The health reform legislation clearly states that state exchanges can use brokers. But, in all likelihood, exchanges will also be selling direct and using a still relatively undefined network of “navigators.” Brokers who want to stay competitive in the health insurance business after 2014 need to ask themselves, “Why would a client use me to purchase exchange coverage when they could go straight to the exchange or to an unlicensed navigator?” The answer is the same as to why an employer would use a broker today when they could go directly to the carrier. It’s because the broker, more than anyone, can provide the information and unbiased recommendations they need to make intelligent, well-informed decisions. And it is the broker who provides unbiased service for mundane issues as well as serious policy interpretation issues.

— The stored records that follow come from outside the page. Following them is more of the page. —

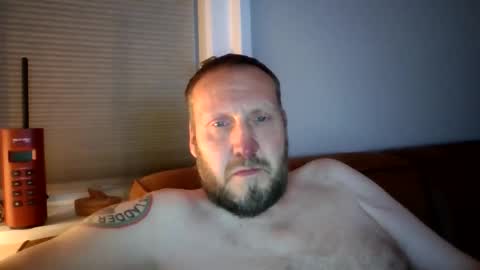 Snapshot of peterpeters443 chatting on June 2, 2026, 10:23 pm jelle online show from June 2, 2026, 10:23 pm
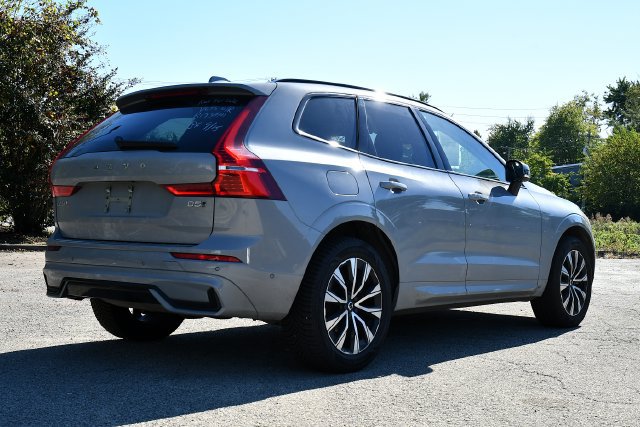 Used 2024 Volvo XC60 B5 Plus w/ Protection Package Premier AWD/4WD image 7
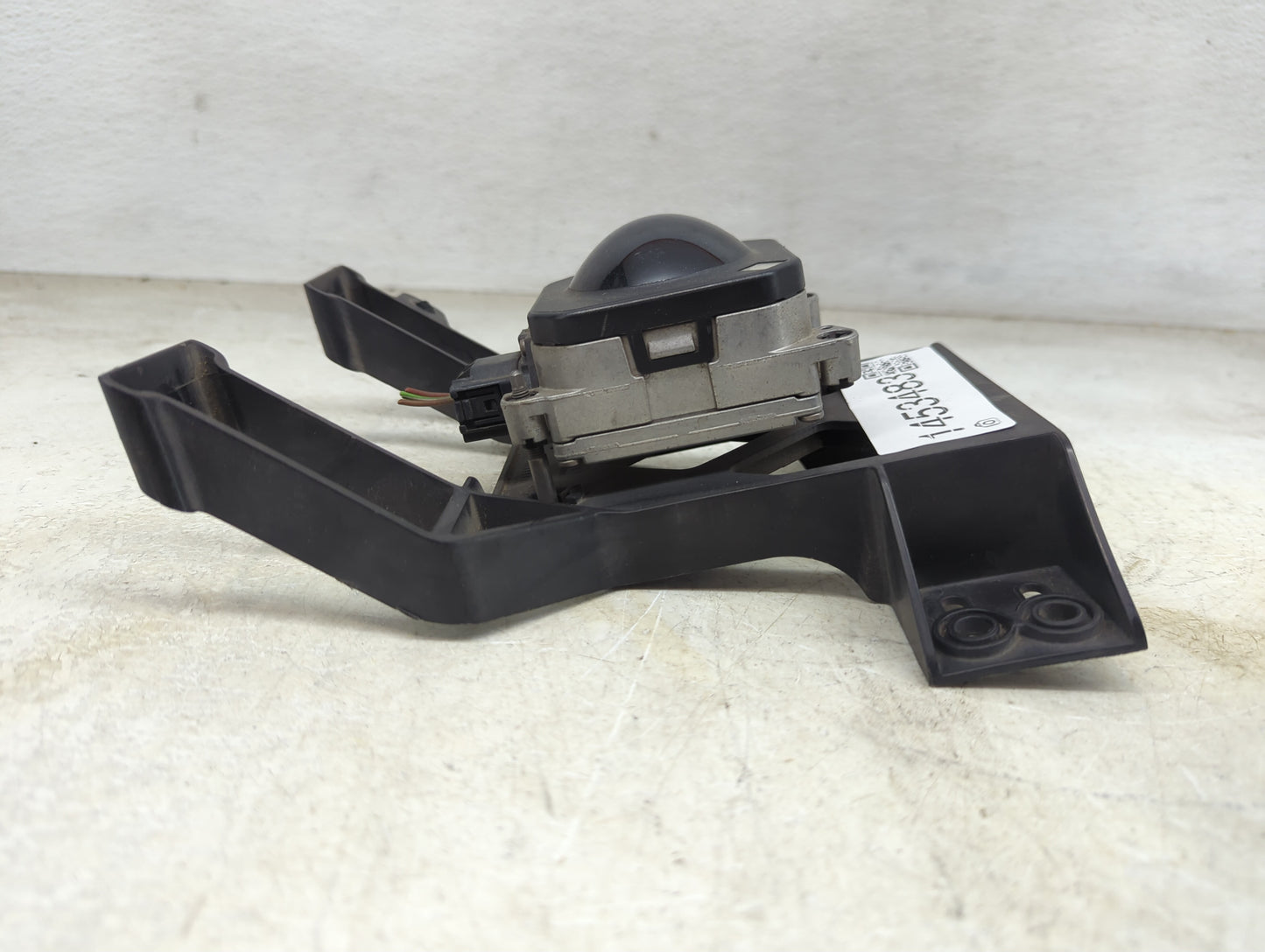 2014-2015 Mercedes-benz Cla250 Back Up Sensor Backup Camera - Oemusedautoparts1.com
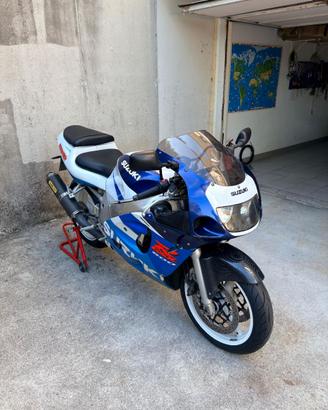 SUZUKI GSX-R 600 SRAD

In order to serve their clients in this way, brokers need to become well versed in what exchanges are all about and then smartly position themselves as health insurance exchange gurus in the minds of their clients. Here are five ways to start:

1. 
Learn all you can about health insurance exchanges and keep learning. Knowledge is the key. Those brokers who are armed with the knowledge first will have a decided competitive advantage. After all, most clients would not prefer to rely on service from the state. They will learn about the new exchange from you, another broker, or a state employee. So why shouldn’t it be you?

2. 
Continue to sell what you think is appropriate for your clients, but expand your discussion to include a health insurance exchange in every renewal or new business presentation. Start doing that now. Show your clients how an exchange works (using examples like the nation’s most mature and successful health insurance exchange or the nation’s only ancillary exchange). In these early days, keep the discussion simple and focused on the five key elements of an exchange: They promote choice; they allow an individual or small business to compare the costs and benefits of various health plans and thus select a health plan that best fits their needs and budget; they allow the purchaser to access various subsidies and tax credits; they move us toward a more rational method of purchasing health coverage; and they encourage value-based purchasing.

3. 
Speak knowledgeably with your clients and prospects about what health plan benefits will look like in an exchange. Here again, stick to the basics. Explain that each of the health plans offered in an exchange will include an essential set of benefits that provide comprehensive healthcare services with different levels of cost sharing. Annual out-of-pocket expenses for individuals will be limited to an amount equal to the health savings account current law limit. There will be multiple benefit categories so purchasers can choose the one that best meets their needs and pocketbook. Individuals who cannot afford to purchase a plan in an exchange may be eligible for a subsidy from the government based on income and family size. By showing them that you understand how an exchange works, you will inspire their confidence and position yourself as the go-to person just as discussions about exchanges become more and more prevalent.

4. 
Make sure that you have the information technology support you need to efficiently sell an exchange. That means having top-notch online quoting engines that allow you to compare multiple plans, benefits, and prices instantly to find the plan that best meets your client’s needs. (Be sure that your online quoting engine meets or exceeds the industry standard in quoting accuracy and carrier partnerships). It means having a robust Website that your clients can access. It means knowing how to intelligently leverage select social media tools to share important information on a timely basis. And it means learning to sell IFP online if you’re not already doing so.

5. 
Find an exchange partner that can help you sell and administer the health insurance exchange product. Look for one that supports group coverage, individual, and family plan coverage, and Medicare choices while helping qualified applicants link to appropriate subsidized programs. Look for one that offers a broad selection of competing health plans and provider networks. It should offer a robust menu of integrated dental, vision, chiropractic, and related ancillary benefit options to address the fullest range of consumers’ and businesses’ ever-changing needs.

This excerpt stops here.